Is mathematics an effective way to describe the world?
2013 09 04

From: Deskarati



Mathematics has been called the language of the universe. Scientists and engineers often speak of the elegance of mathematics when describing physical reality, citing examples such as π, E=mc2, and even something as simple as using abstract integers to count real-world objects. Yet while these examples demonstrate how useful math can be for us, does it mean that the physical world naturally follows the rules of mathematics as its “mother tongue,” and that this mathematics has its own existence that is out there waiting to be discovered? This point of view on the nature of the relationship between mathematics and the physical world is called Platonism, but not everyone agrees with it.

Derek Abbott, Professor of Electrical and Electronics Engineering at The University of Adelaide in Australia, has written a perspective piece to be published in the Proceedings of the IEEE in which he argues that mathematical Platonism is an inaccurate view of reality.
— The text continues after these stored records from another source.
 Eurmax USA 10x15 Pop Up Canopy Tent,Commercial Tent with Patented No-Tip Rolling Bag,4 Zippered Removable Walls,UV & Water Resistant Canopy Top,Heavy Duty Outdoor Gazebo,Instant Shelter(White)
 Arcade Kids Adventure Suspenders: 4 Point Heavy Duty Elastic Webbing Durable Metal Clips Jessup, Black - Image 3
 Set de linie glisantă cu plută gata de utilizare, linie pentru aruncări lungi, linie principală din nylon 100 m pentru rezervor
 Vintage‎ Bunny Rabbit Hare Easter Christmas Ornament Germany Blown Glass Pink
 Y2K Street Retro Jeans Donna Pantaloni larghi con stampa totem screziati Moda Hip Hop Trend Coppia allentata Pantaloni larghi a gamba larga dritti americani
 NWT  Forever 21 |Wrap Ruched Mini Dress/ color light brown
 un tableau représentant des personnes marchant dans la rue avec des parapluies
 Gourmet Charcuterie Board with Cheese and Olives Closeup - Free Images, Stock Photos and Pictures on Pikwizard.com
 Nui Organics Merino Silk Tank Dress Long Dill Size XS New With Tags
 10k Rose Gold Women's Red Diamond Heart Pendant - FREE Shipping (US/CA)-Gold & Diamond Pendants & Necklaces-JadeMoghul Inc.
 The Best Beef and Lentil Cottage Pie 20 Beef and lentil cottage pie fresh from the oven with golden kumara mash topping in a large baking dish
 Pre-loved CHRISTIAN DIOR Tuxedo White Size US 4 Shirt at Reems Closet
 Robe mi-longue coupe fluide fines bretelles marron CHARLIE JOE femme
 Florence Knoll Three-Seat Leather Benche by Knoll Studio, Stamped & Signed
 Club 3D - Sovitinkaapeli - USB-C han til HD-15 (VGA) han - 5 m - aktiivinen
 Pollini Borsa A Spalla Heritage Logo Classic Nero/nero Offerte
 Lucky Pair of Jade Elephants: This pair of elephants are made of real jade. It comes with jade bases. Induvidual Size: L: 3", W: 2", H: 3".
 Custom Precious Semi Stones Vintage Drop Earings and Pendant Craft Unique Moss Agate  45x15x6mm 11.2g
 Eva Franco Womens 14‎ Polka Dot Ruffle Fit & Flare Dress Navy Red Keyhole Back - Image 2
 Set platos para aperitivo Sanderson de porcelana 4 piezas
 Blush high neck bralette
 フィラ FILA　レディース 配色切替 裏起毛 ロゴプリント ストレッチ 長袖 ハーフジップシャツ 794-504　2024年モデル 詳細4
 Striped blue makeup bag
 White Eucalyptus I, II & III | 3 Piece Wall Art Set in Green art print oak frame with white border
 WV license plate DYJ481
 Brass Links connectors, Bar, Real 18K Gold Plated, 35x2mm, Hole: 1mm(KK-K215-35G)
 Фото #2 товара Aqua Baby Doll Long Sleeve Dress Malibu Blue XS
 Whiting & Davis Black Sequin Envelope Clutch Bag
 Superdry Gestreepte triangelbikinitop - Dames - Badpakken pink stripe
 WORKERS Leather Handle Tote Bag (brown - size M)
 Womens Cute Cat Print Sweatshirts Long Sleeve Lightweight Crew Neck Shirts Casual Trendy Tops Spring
Instead, he argues for the opposing viewpoint, the non-Platonist notion that mathematics is a product of the human imagination that we tailor to describe reality.

This argument is not new. In fact, Abbott estimates (through his own experiences, in an admittedly non-scientific survey) that while 80% of mathematicians lean toward a Platonist view, engineers by and large are non-Platonist. Physicists tend to be “closeted non-Platonists,” he says, meaning they often appear Platonist in public. But when pressed in private, he says he can “often extract a non-Platonist confession.”

So if mathematicians, engineers, and physicists can all manage to perform their work despite differences in opinion on this philosophical subject, why does the true nature of mathematics in its relation to the physical world really matter? The reason, Abbott says, is that because when you recognize that math is just a mental construct—just an approximation of reality that has its frailties and limitations and that will break down at some point because perfect mathematical forms do not exist in the physical universe—then you can see how ineffective math is.

And that is Abbott’s main point (and most controversial one): that mathematics is not exceptionally good at describing reality, and definitely not the “miracle” that some scientists have marveled at.